Friday, April 18, 2014

Good Friday Meditations, Courtesy of Better Writers Than I

It's Good Friday. Holy Week is a blur this year. We've had company from Iowa this week, and my youngest is leaving with her class for a trip to D.C. on Sunday. It's been very hard to find any mental time to consider the meaning of this week. And I woke up this morning with absolutely nothing in my brain to blog about.

So, what do I do when I need focus and inspiration? I turn to other inspiring people.

Like David Platt, author of the book Radical and pastor who does the "Secret Church" series that you can find online. In his session on "The Cross and Christ", he talks about the Divine Dilemma: how can God be true to his nature -- be unconditionally loving and be absolutely just -- with sinful man?

How can God be just and righteous and yet forgive sins, pass over sins? That's where we see that before the cross is for anyone else's sake, what God is doing on the cross is for God's sake. God is displaying His justice. He is demonstrating His righteousness. Why did Jesus die on the cross? Who did Jesus die for? He died for me? Certainly. Died for you? Certainly, but not ultimately. Ultimately, Christ died for God. The cross is ultimately centered around a demonstration of the character of God. Watchman Nee said, "If I would appreciate the blood of Christ I must accept God's valuation of it, for the blood is not primarily for me but for God.” We need to hear this.

Yes.

And people like J.S. Bach. In my husband's hometown, Bach's "Passion of St. Matthew" is performed every Good Friday. I attended last year, and even though I've performed in it before, I was particularly moved this time. I kept the program with the lyrics printed in it and used them as devotional reading for several nights. Wonderful words . . . like these, responding to the disciples falling asleep in the Garden:

I would beside my Lord be watching
That evil draw me not astray

The sweet melody adds a lot. But yes, oh, Lord, would that I could be always watching beside You that evil draw me not astray.

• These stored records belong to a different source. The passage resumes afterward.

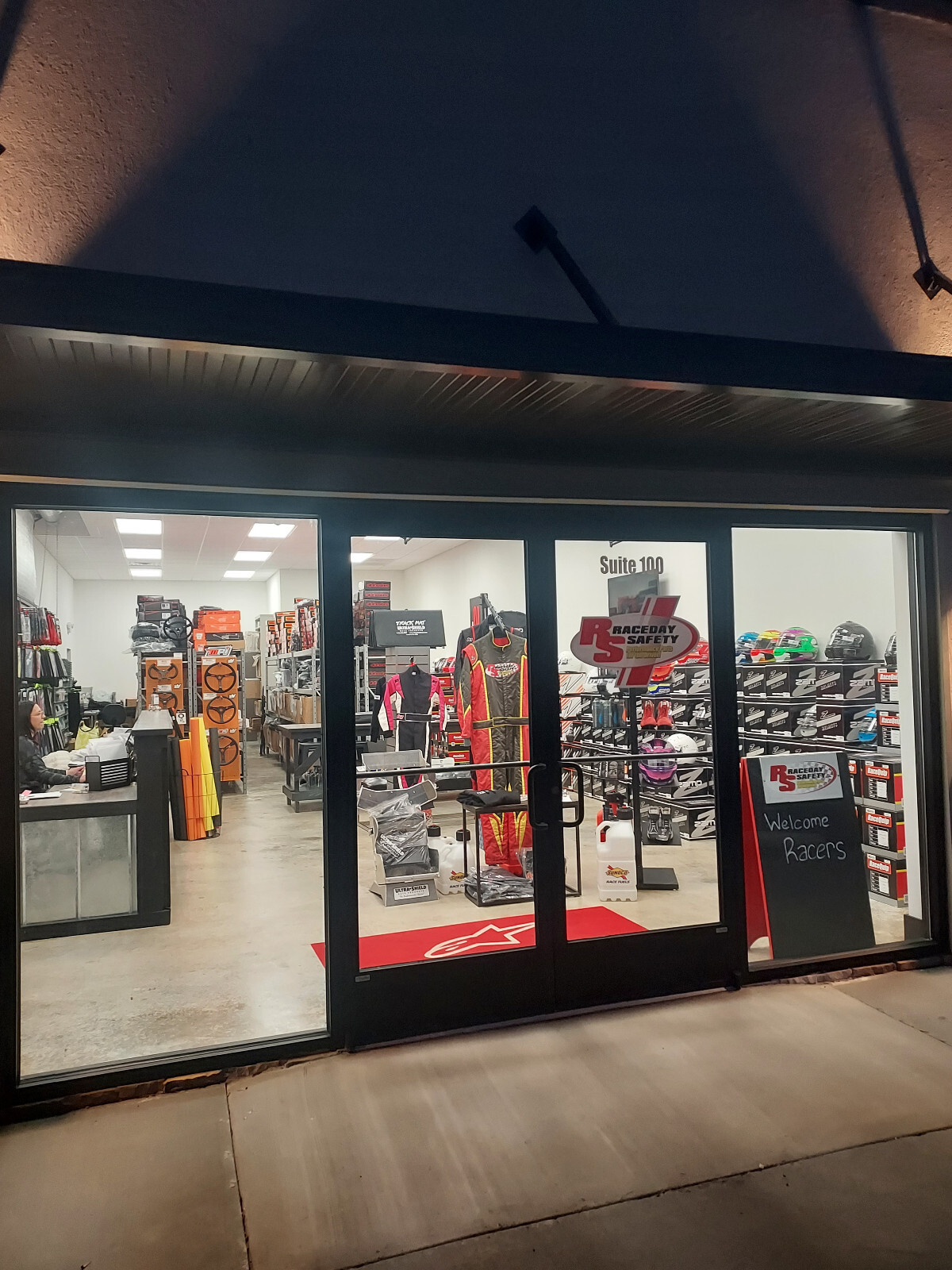 Alpinestars Tech-1 K RACE V2 ONE VISION Kart Gloves Black/Tar Gray 3552123-1169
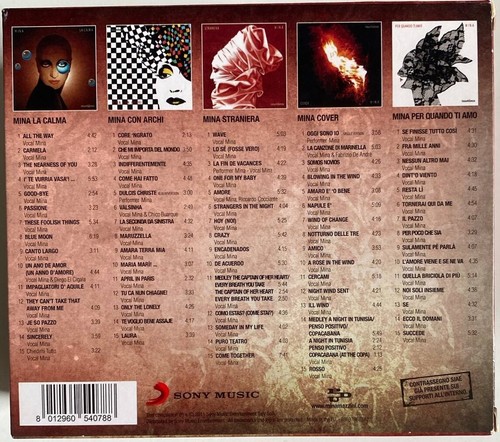 MINA "RIASSUNTI D'AMORE Le Piu Belle Canzoni in un Box da 5 CD" RARO BOX 2011 - Bild 2 von 3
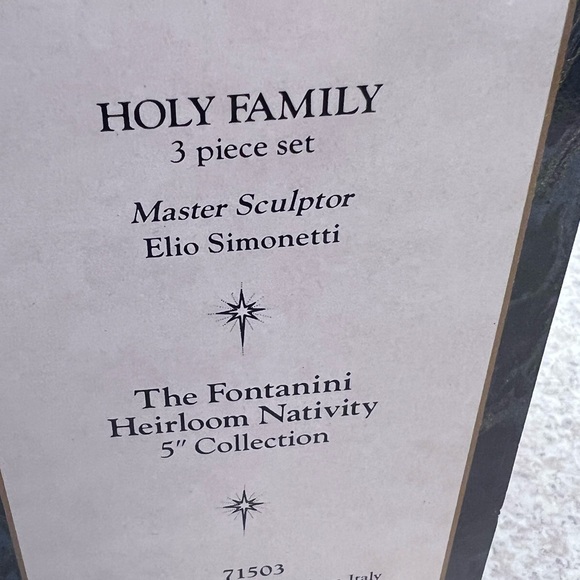 1992 FONTANINI 5" NATIVITY - HOLY FAMILY 71503 EUC - Picture 7 of 8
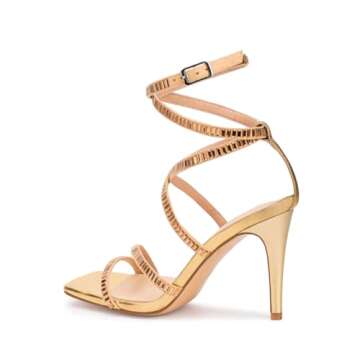 Stylish FRJR Rhinestone High Heel Sandals for Women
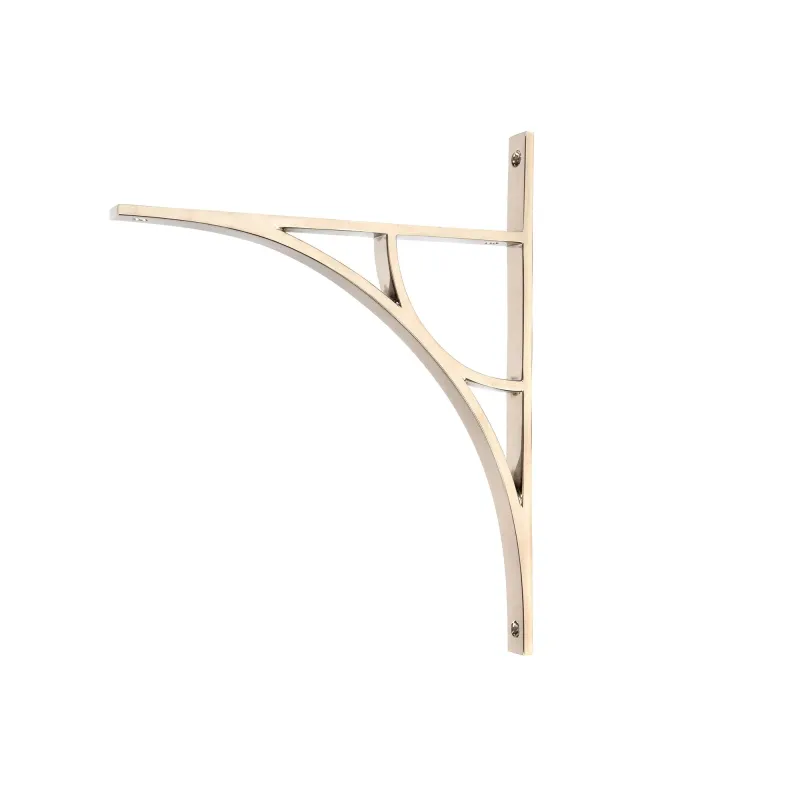 Shiny Nickel Tyne Shelf Bracket (314mm x 250mm) | From Anvil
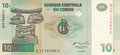 CONGO-DEM.-REPUBLIC-P.87B-10-Francs-1997-UNC
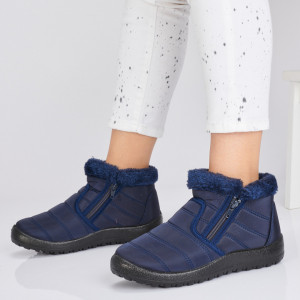 Cizme Dama Imblanite Alvaro Navy- Need 4 Shoes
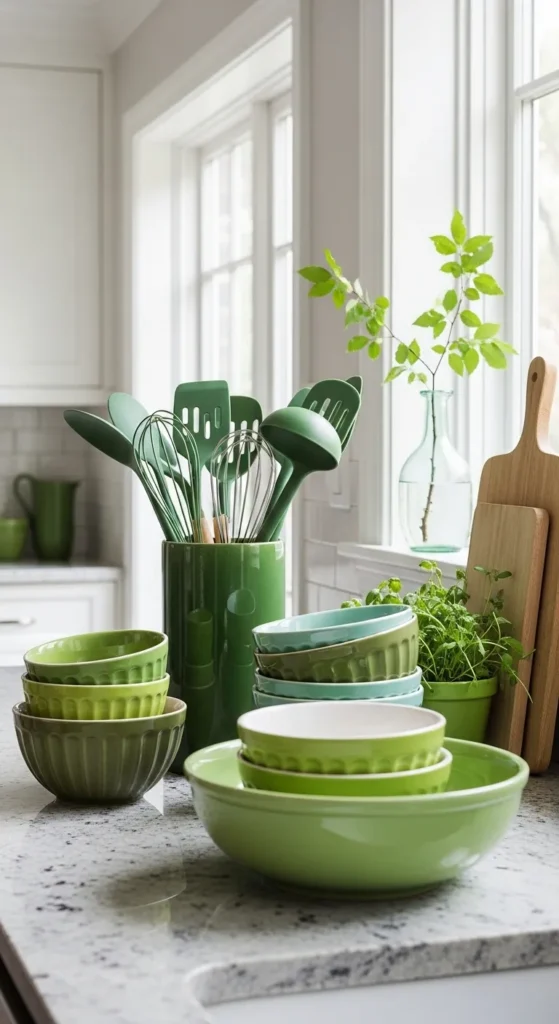 Green Kitchen Accessories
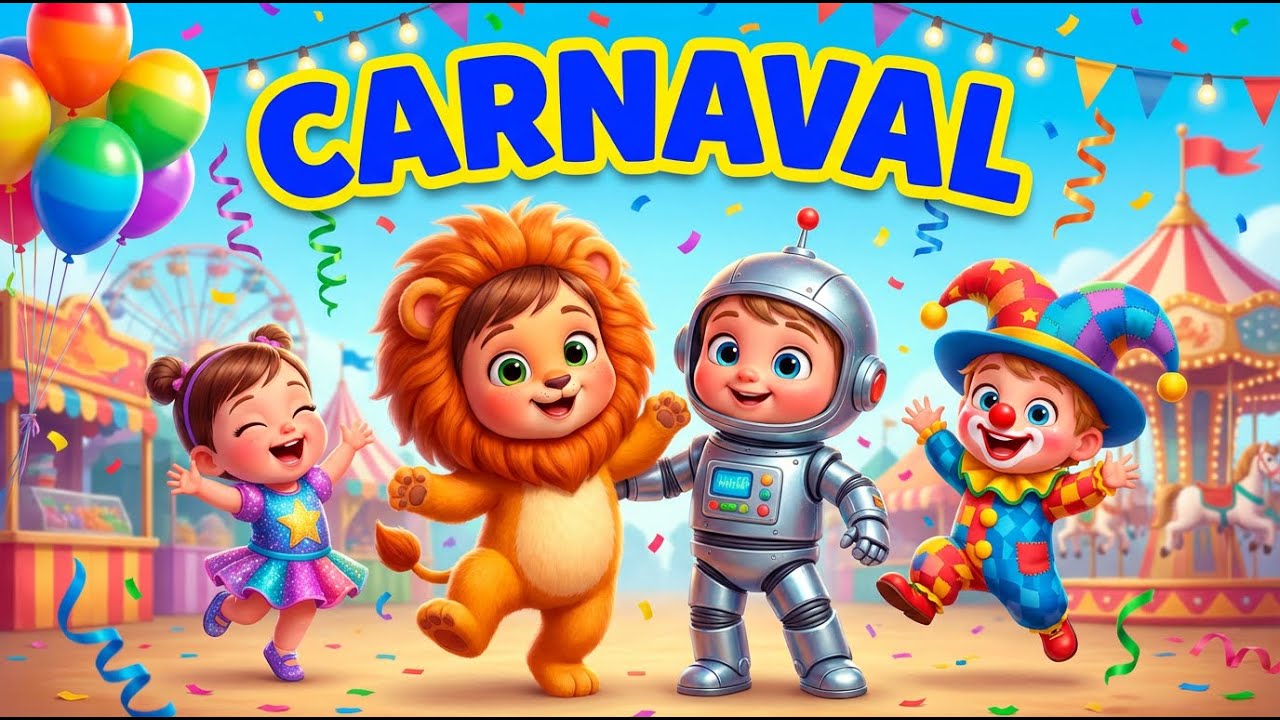 ¡Fiesta de Carnaval! 🎭 Canción Infantil para Bailar, Saltar y Disfrazarse | Canciones infantiles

And people like A.W. Tozer. In his amazing book, The Radical Cross, he describes how the church has watered down the cross from a thing of death to a thing of beauty:

When men made of it a symbol, hung it around their necks as an ornament or made its outline before their faces as a magic sign to ward off evil, then it became at best a weak emblem, at worst a positive fetish. As such it is revered today by millions who know absolutely nothing about its power.

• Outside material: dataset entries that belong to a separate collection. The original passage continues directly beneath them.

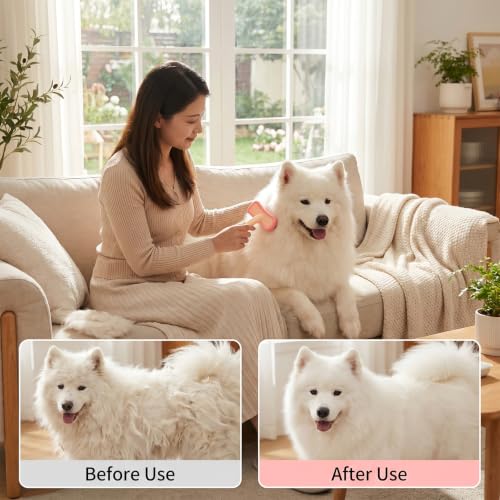 2Pcs Soft Silicone Small Animal Massage Comb Rabbit Brush | Practical Bunny Brush for Grooming, Bunny Grooming Kit, Small Pets Brushes for Rabbits, Cats, Dogs, Kittens & Puppies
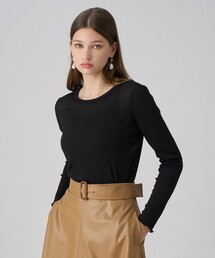 ANAYI - おまとめ専用　アナイ　カットソー  ブラック　新品 アナイ ANAYI カットソー ブラウス ラウンドネック プルオーバー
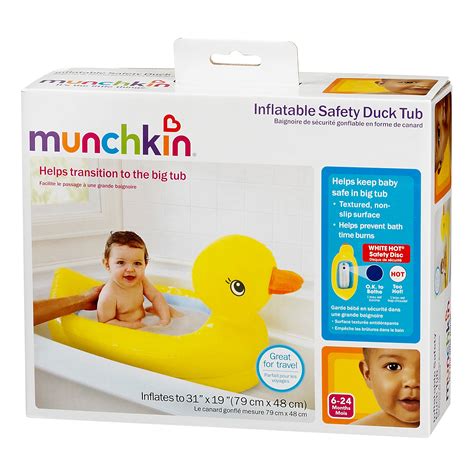 Ideal for a newborn, these infant bathtubs are smaller and fit inside or over a kitchen sink. Munchkin Hot Inflatable Duck Tub Fun Baby Bath Toy New | eBay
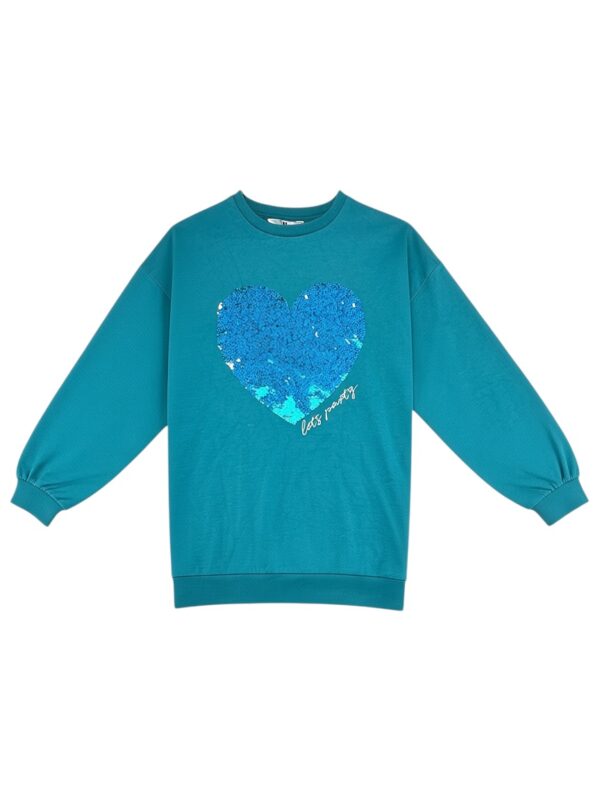 V BY VERY Bluza Dziecięca Turkusowa 146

The cross effects its ends by destroying one established pattern, the victim's, and creating another pattern, its own. . . It never compromises, never dickers nor confers, never surrenders a point for the sake of peace. . . So the cross not only brings Christ's life to an end, it ends also the first life, the old life, of every one of His true followers. It destroys the old pattern, the Adam pattern, in the believer's life, and brings it to an end. Then the God who raised Christ from the dead raises the believer and a new life begins.

This, and nothing less, is true Christianity . . .

Amen. I wish I could write like this.

Have a blessed Good Friday everyone, remembering the true meaning of the cross -- and a blessed Easter celebrating the new life He rose to bring us!